Breadcrumb #48
ROBIN WYATT DUNN
Every corpse I ever loved I found in Bethlehem, down below the darker
tragedies of life is the eternal balm of death, and its milder
horrors, of decay.
Each skull I rap my knuckles on brings luck; each skeletal shield,
helm and sword I've made from the charnel is lucky. I am the luckiest
of men. In my basement. In my saddle. In my village. In my nation.

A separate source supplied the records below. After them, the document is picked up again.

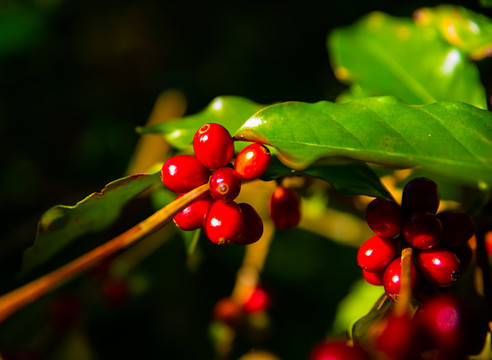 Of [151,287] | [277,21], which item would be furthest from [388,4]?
[151,287]

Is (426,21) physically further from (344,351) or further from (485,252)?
(344,351)

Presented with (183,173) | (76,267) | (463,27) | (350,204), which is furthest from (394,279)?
(463,27)

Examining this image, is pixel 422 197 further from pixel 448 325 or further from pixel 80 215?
pixel 80 215

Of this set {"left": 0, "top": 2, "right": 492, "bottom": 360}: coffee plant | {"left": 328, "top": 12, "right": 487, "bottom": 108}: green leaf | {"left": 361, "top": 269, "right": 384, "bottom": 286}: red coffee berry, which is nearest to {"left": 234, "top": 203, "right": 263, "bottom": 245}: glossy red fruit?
{"left": 0, "top": 2, "right": 492, "bottom": 360}: coffee plant

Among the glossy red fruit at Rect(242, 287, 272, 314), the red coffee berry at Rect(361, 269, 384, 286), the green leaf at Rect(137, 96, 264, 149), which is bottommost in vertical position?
the glossy red fruit at Rect(242, 287, 272, 314)

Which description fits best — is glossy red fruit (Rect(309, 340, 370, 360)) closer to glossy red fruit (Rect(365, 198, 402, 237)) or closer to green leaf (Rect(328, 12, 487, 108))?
glossy red fruit (Rect(365, 198, 402, 237))

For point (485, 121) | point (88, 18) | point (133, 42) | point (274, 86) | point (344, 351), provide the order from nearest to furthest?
point (344, 351) → point (485, 121) → point (274, 86) → point (88, 18) → point (133, 42) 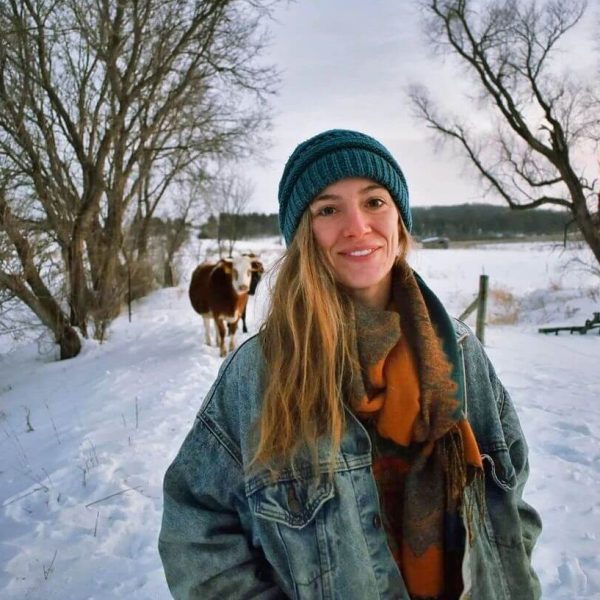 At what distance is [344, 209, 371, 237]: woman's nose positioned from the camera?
1.29 m

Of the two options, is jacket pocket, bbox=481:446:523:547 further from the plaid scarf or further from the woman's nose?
the woman's nose

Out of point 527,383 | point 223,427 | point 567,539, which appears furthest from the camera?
point 527,383

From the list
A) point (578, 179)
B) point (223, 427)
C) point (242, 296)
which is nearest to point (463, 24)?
point (578, 179)

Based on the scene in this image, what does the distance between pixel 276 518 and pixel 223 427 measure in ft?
0.94

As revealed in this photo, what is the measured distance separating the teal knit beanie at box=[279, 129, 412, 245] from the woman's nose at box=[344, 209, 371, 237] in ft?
0.38

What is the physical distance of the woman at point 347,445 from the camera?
3.72ft

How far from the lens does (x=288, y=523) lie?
44.1 inches

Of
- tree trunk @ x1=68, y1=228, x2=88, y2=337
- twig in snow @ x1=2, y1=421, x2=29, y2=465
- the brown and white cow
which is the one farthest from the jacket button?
tree trunk @ x1=68, y1=228, x2=88, y2=337

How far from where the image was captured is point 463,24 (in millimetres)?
14508

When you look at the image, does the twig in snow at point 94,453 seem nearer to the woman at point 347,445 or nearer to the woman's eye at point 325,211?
the woman at point 347,445

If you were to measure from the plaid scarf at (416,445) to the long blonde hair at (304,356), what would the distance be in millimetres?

In my nation all men are equal; the women more so. In my nation we
await death as eagerly as children await ice cream — which is to say,
not at all. We shove it into our mouths.
I eat death with heartache, with resolution, and with force. I eat
death, my balls tucked handily into my trousers, ready to spill out
when the party finally begins, when the dead finally rise, when God
finally shouts us to our feet.
But I know the dead are always rising. And I know God is always
shouting us to our feet. Every morning. Sometimes at night. Or even
crepuscularly.
Crepuscularly I await meaning on the edge of my bone-sword, the same
way Napoleon awaits the moving of the spark to the fuse to the anus of
the cannon.
Like him, I am short, and angry. Like him, I long for death, and the
murders which precede it. Like him, I dream of Corsica like one might
dream of a river, eternal, running under the wood and the stone and
the earth, and running over it too, like it runs over my heart, and my
balls, fluvial love eternal, a river bigger than death, is the one I
dream of. Even when awake I dream of it, when I pop my head out of the
nuclear shelter, to threaten the tourists.